Here, we see some more old-fashioned wizarding ornaments. While it will be stated later that some wizards wear simple, loose colored robes and cloaks (like eccentric Dumbledore or the people celebrating their own historical culture out in the streets today) and most others simply wear Muggle clothes, they all do seem to carry pocket watches and handkerchiefs. They also carry no modern technology, not even wristwatches. According to Pottermore, in typical quirky old-fashioned way, they don’t use the metric system either - they prefer imperial units.

McGonagall takes a glance at Dumbledore’s pocket watch. It’s very “odd,” she notes, even for a wizard. It has twelve hands but no numbers; instead little planets are moving around the edge. She supposes it must make sense to Dumbledore, though, because puts it back in his pocket and notes out loud that Hagrid is late. “I suppose it was he who told you I’d be here, by the way?”

We know later that Hagrid - who also works at Hogwarts - is in Dumbledore’s personal trust but not particularly good at keeping secrets. He speaks emotionally in the moment, without thinking. McGonagall probably took advantage of this because she needed to find Dumbledore and talk to him.

McGonagall admits it was Hagrid who told her. “And I don’t suppose you’re going to tell me why you’re here, of all places?” Even McGonagall, who seems a bit blind to all the secrets Dumbledore hides, does not really expect an answer.

But Dumbledore surprises her. “I’ve come to bring Harry to his aunt and uncle. They’re the only family he has left now.”

So here we learn something important - Petunia and Dudley are now Harry’s only living blood relatives. More particularly, they are also the only living blood relatives of his mother’s. Both sets of grandparents are dead and his father was an only child.

McGonagall is in disbelief. “You don’t mean - you can’t mean the people who live here?!” For the first and only time, she raises her voice, the nonsensical thing to do in this situation. She jumps to her feet and points at number four.

She tells him with intensity that he simply can’t do that. She’s been watching the Dursleys all day. Their son is terribly spoiled - she saw him kicking his mother all the way up the street, screaming for sweets - and anyway her main beef with the Dursleys is that “you couldn’t find two people who are less like us!”

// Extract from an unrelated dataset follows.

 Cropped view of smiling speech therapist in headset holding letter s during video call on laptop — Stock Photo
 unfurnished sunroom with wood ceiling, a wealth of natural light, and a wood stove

This is technically true. The Dursleys are stable, dull, unimaginative, sensible, corporate, suburban, and ordinary - in other words, all the things most wizards and witches are not. Wizards and witches even stick to small businesses and live solely in cities and country villages. But it is still an interesting complaint to make, out of all the possible complaints to make about the Dursleys. It’s almost reminiscent of Vernon himself, who hates the Potters simply because they’re “nothing like him.”

McGonagall has already gotten attached to Harry Potter as an important wizard, seemingly, because she seems to protest him in particular coming to live with such Muggle people.

Dumbledore is firm in his decision, however. He says this is the best place for Harry. His aunt and uncle will be able to explain everything to him when he’s older, through a letter Dumbledore has written himself.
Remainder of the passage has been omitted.